All the King's enemies? His worst enemy? Himself?

The man's reply was drowned by the throbbing beat of the powerful engine.

A moment later, the car leapt forward, out of the dimly lit mews, swung up the quiet side street, beyond, and so passed into the densely thronged roadway in Lower Grosvenor Place.

The police constable's prediction as to the difficulties of the traffic proved more than justified. In Grosvenor Place, the King found that he could only advance at a snail's pace, sounding his siren continuously. Over and over again, he had hurriedly to apply all his brakes. The crowd, singing, cheering, and rollicking, had taken complete possession of the roadway, and ignored the approach of all vehicles of whatsoever kind. Fellow motorists, in like case with himself, grinned at the King, in friendly, mutual commiseration. For his part, it was with difficulty, that he restrained his impatience, and kept his temper. He was still far too close to the palace for his peace of mind.

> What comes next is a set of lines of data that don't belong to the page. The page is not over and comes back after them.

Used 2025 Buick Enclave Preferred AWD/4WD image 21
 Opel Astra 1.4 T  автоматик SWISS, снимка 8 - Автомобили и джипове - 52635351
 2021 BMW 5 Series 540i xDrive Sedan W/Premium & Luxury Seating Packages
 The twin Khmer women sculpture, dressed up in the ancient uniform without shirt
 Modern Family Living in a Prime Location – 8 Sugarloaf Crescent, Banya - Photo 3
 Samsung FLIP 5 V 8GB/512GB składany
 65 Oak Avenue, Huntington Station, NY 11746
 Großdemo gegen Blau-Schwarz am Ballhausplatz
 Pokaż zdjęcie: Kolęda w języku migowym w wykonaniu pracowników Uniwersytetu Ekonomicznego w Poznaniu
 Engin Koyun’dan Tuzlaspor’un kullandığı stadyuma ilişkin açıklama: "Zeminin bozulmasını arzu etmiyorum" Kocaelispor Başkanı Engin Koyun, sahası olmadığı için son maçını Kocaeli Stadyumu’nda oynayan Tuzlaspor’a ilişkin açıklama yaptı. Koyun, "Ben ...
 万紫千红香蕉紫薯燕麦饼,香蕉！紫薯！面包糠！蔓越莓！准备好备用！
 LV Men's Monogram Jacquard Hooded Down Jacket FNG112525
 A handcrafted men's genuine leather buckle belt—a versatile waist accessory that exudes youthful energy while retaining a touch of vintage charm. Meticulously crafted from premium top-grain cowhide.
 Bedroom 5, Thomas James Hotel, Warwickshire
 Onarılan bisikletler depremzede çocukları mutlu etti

At Hyde Park Corner, the police, mounted and on foot, had contrived to maintain a narrow fairway, which made real, although still slow, progress through the locked traffic possible. But in Park Lane, the crowd had it all their own way again, spread out across the road, and indulging in rough horse-play, as nearly out of hand as the London crowd ever permits itself to go. Happily, by the Marble Arch, the road cleared once more. In Oxford Street, in spite of the brilliant illuminations of the famous shops and stores, and the huge crowds which they had attracted there, the King found that he could slightly increase his speed. When he swung, at last, into Tottenham Court Road, and so headed the car directly north, the traffic, by comparison with that through which he had just passed, seemed almost normal. Free now from the necessity of extra vigilance, and only occasionally called upon to sound his siren, or to apply his brakes, he was able to open out the car considerably, and settle himself more comfortably at the steering wheel.